● **SUPPLIED DATA**

• • • • •

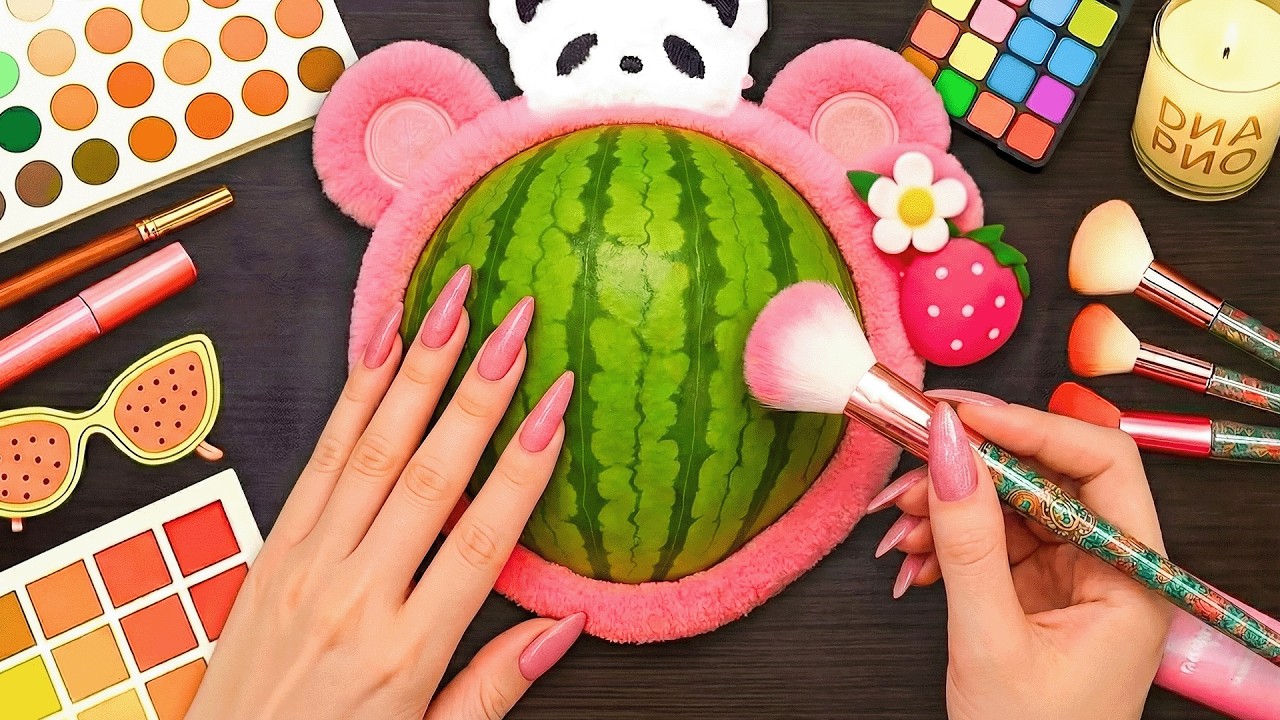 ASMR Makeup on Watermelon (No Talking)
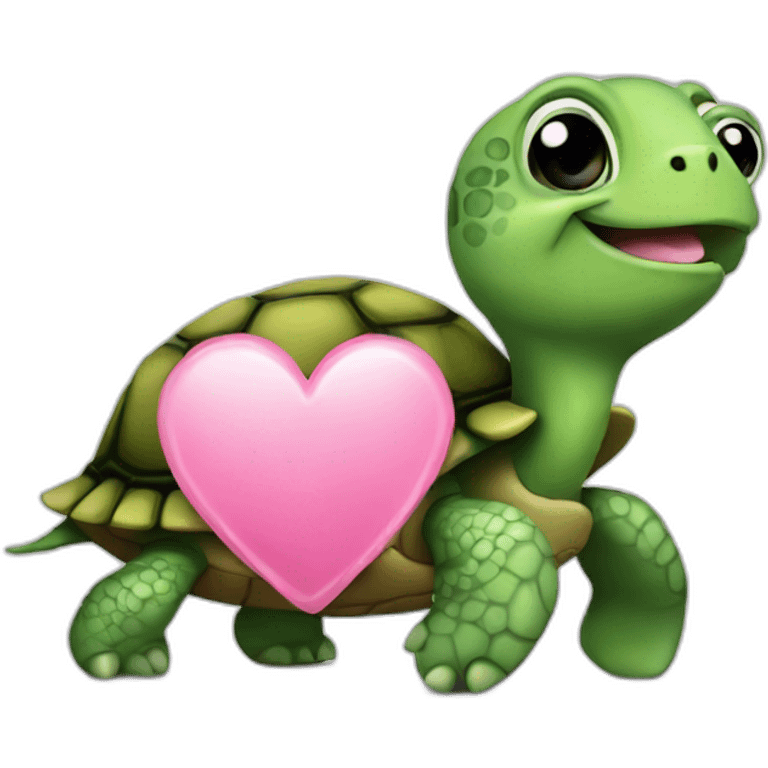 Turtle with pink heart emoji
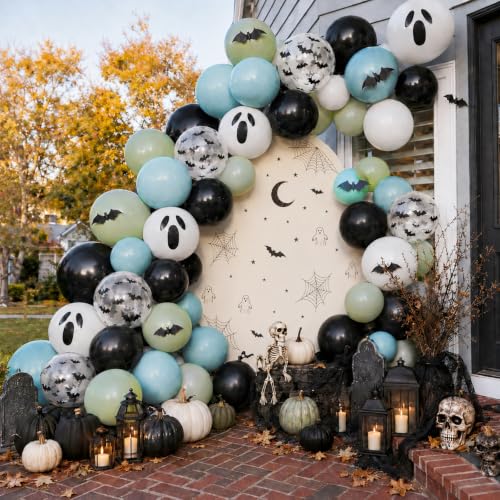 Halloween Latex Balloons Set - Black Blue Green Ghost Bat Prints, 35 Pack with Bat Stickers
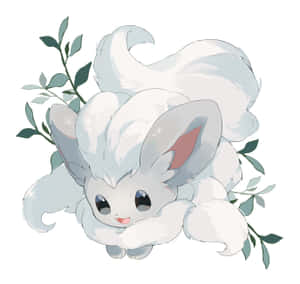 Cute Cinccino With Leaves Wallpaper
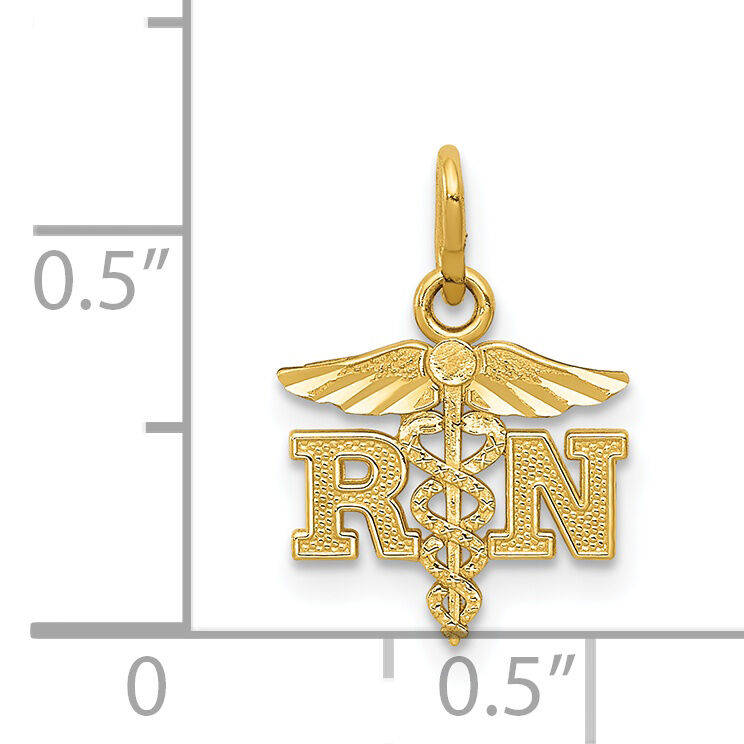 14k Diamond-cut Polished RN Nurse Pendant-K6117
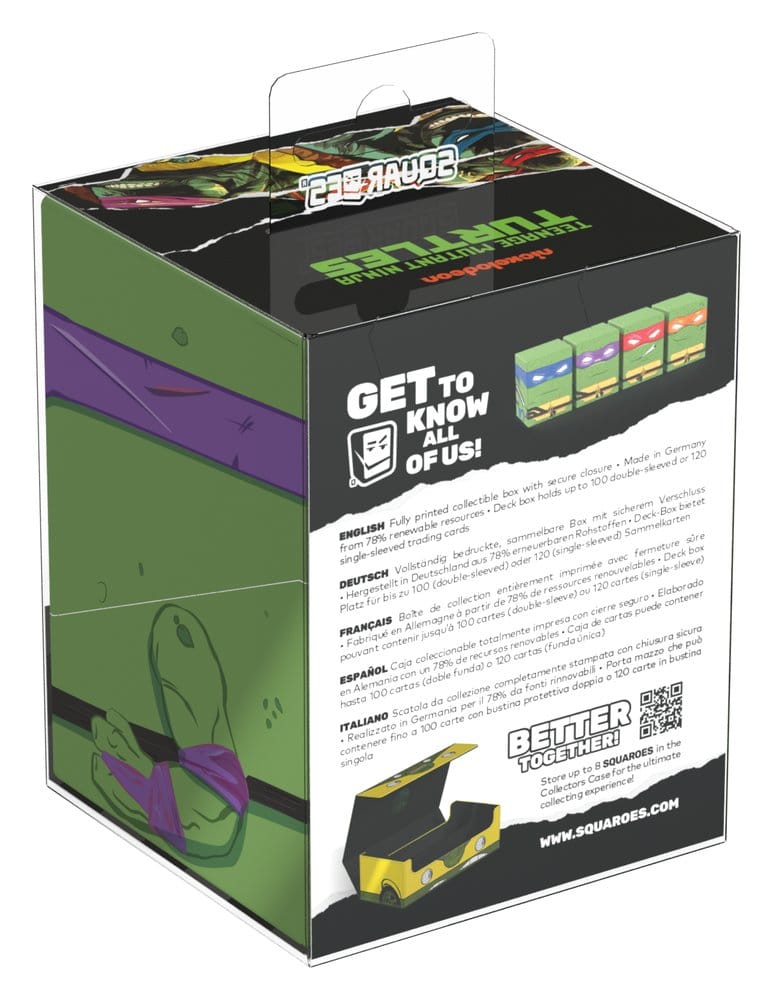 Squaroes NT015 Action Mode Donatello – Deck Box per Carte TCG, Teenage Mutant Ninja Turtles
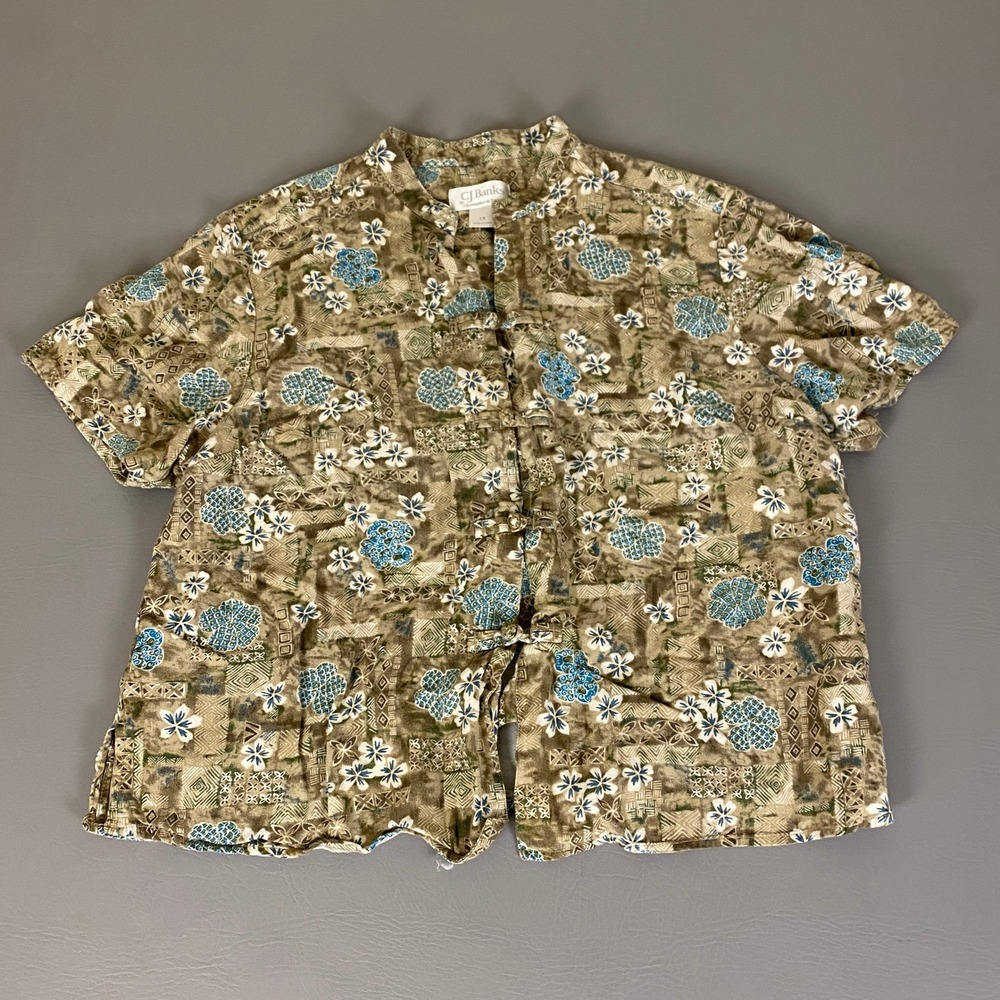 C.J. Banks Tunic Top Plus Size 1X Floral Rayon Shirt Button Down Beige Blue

• • • • •

● **ACTION ITEM**
Pictures stay out of the copy, while everything else in the records above goes in exactly as written.

● **OUTPUT FOR THIS EXERCISE**
 ASMR Makeup on Watermelon (No Talking)
 Turtle with pink heart emoji
 Halloween Latex Balloons Set - Black Blue Green Ghost Bat Prints, 35 Pack with Bat Stickers
 Cute Cinccino With Leaves Wallpaper
 14k Diamond-cut Polished RN Nurse Pendant-K6117
 Squaroes NT015 Action Mode Donatello – Deck Box per Carte TCG, Teenage Mutant Ninja Turtles
 C.J. Banks Tunic Top Plus Size 1X Floral Rayon Shirt Button Down Beige Blue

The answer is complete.